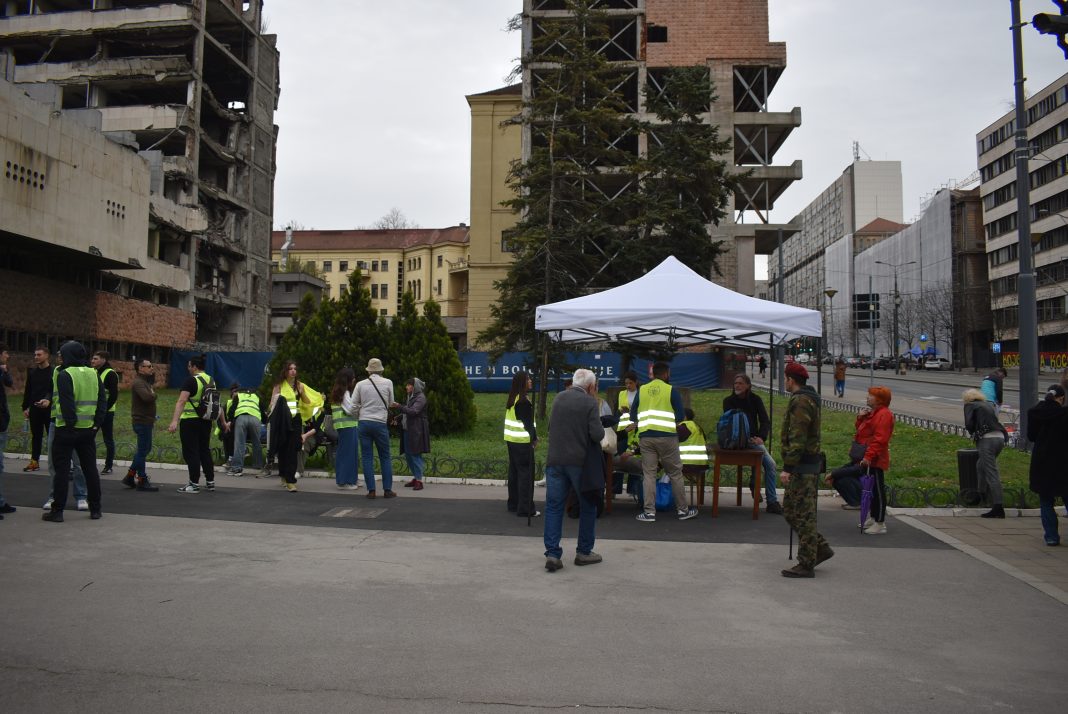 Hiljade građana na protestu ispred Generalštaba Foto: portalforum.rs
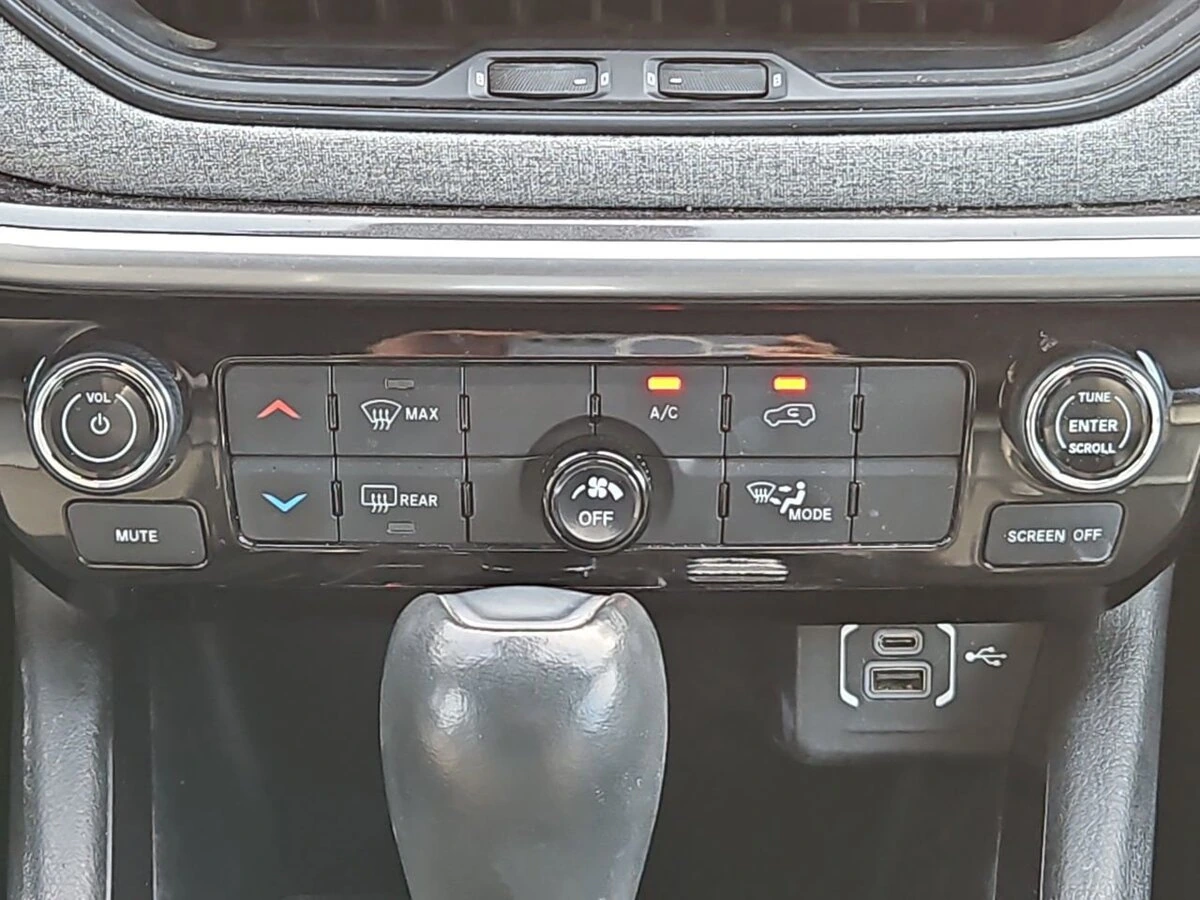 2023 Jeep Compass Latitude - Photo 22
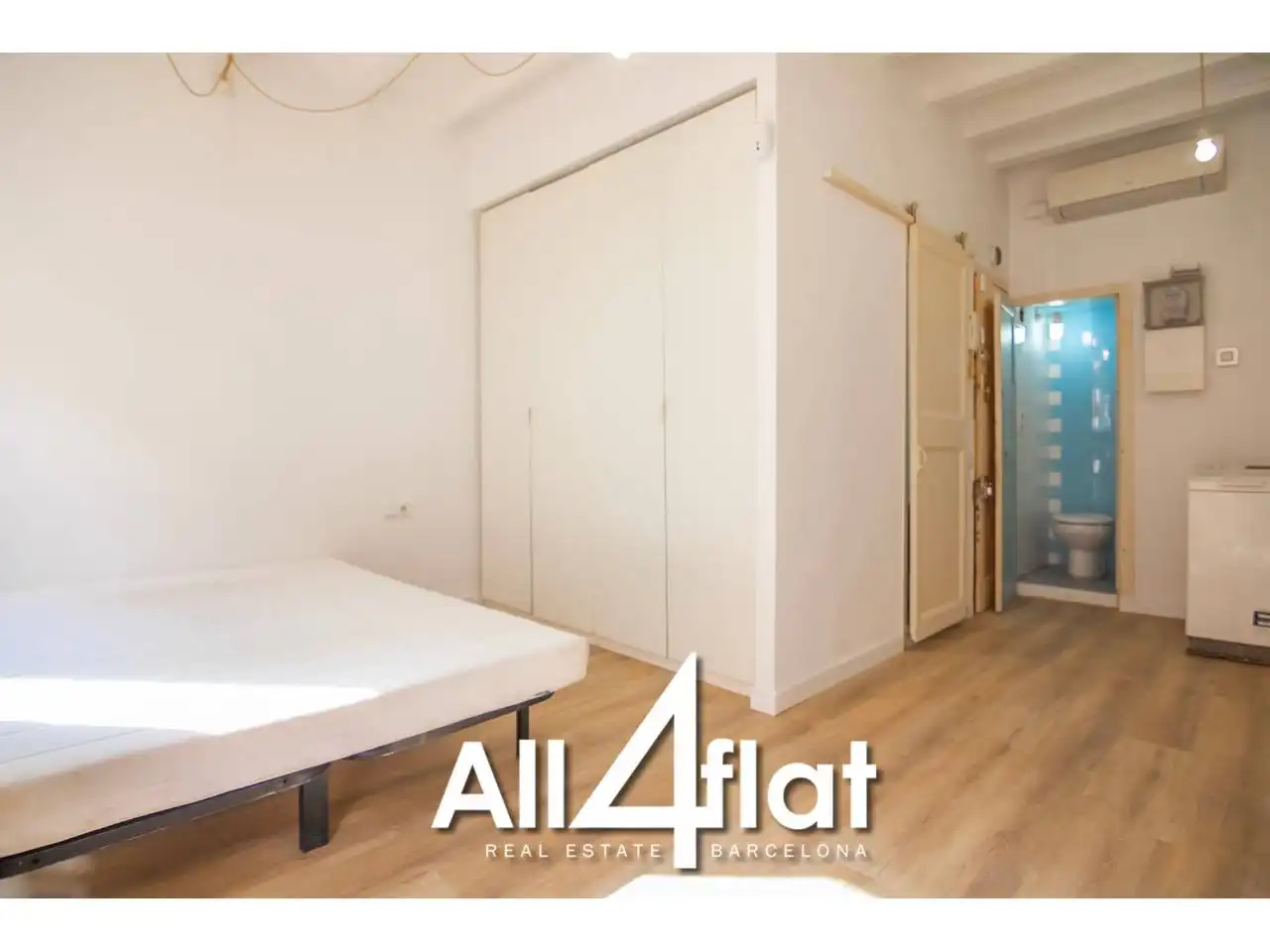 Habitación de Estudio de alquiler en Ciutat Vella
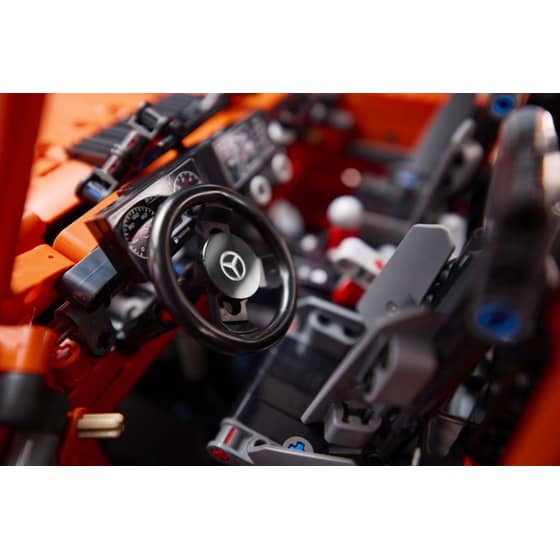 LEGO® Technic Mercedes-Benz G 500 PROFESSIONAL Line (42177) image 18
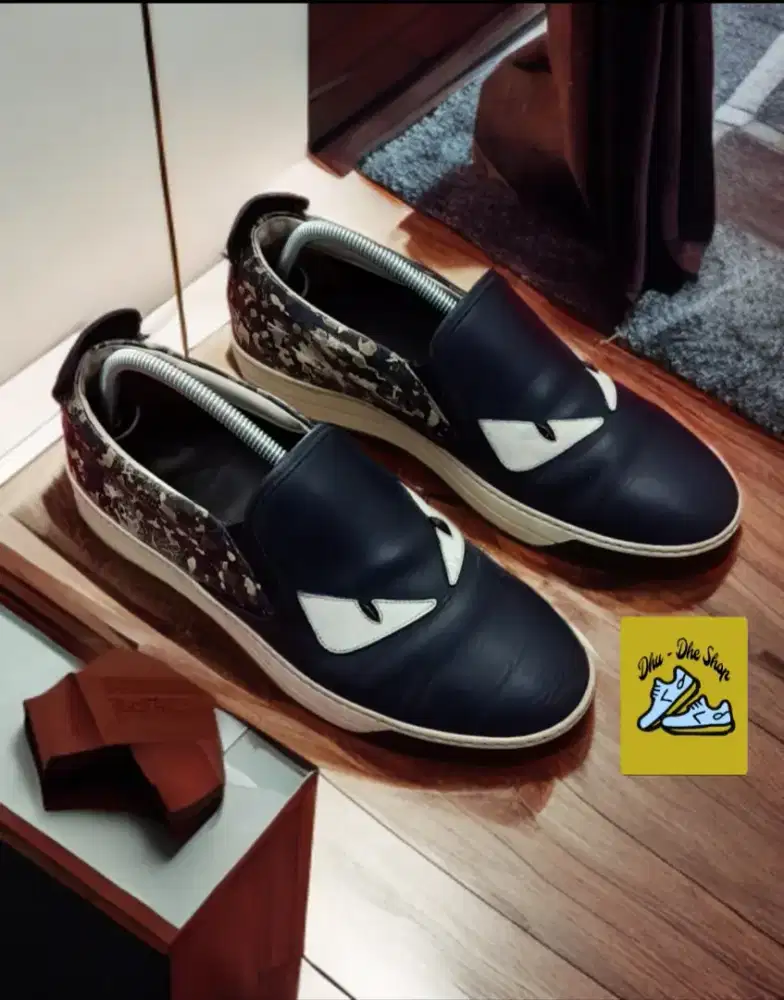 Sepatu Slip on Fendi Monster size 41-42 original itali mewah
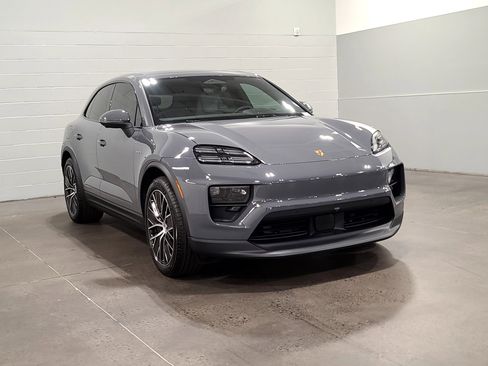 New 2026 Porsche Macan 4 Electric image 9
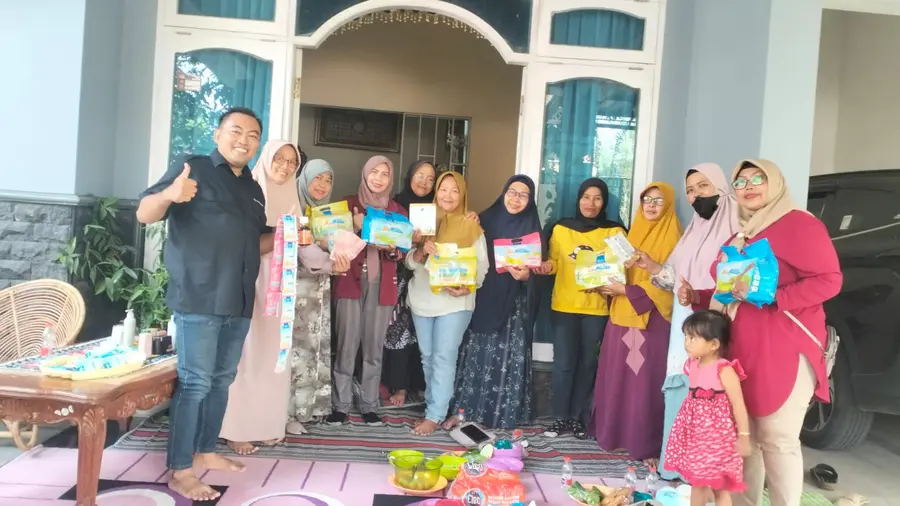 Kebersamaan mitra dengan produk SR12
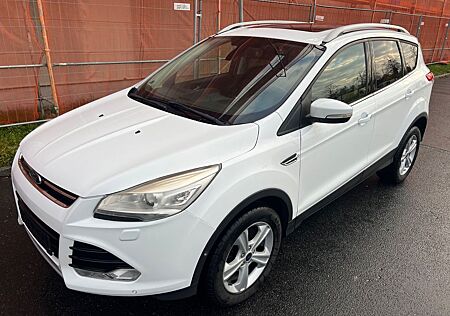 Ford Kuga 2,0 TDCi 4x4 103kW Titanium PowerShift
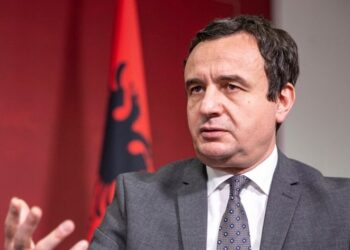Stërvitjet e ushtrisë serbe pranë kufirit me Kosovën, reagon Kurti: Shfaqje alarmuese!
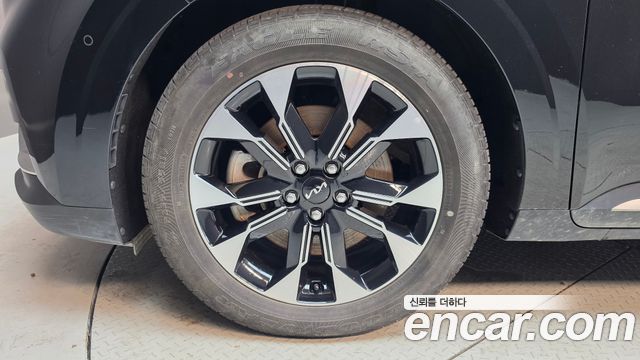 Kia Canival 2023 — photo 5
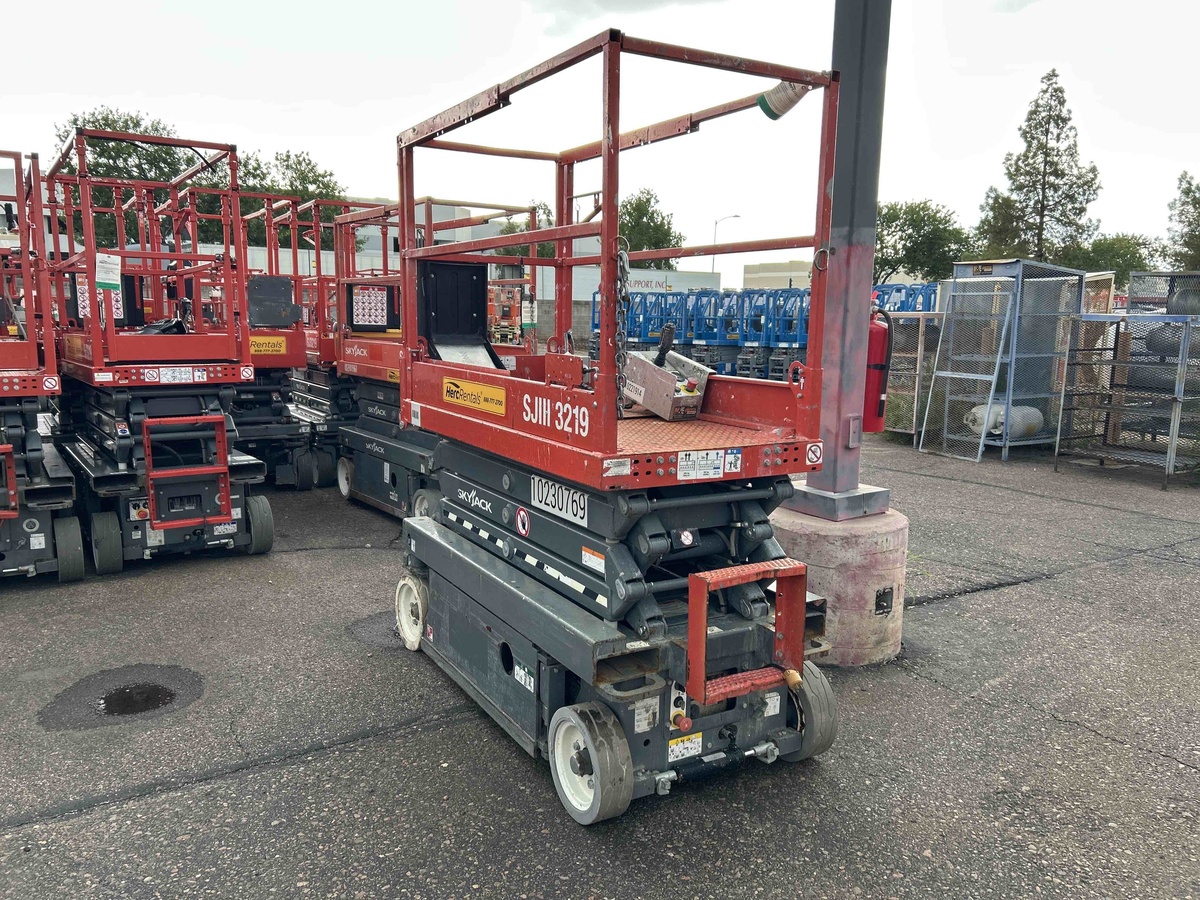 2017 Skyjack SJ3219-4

**Requirement:** In the material above, which lines fall between the one holding "Habitación de Estudio" and the one holding "Kia Canival 2023 — photo 5", inclusive? Print exactly those, with the pictures left out.

**Result:**
 Habitación de Estudio de alquiler en Ciutat Vella
 LEGO® Technic Mercedes-Benz G 500 PROFESSIONAL Line (42177) image 18
 Sepatu Slip on Fendi Monster size 41-42 original itali mewah
 New 2026 Porsche Macan 4 Electric image 9
 Kebersamaan mitra dengan produk SR12
 Ford Kuga 2,0 TDCi 4x4 103kW Titanium PowerShift
Stërvitjet e ushtrisë serbe pranë kufirit me Kosovën, reagon Kurti: Shfaqje alarmuese!
 Kia Canival 2023 — photo 5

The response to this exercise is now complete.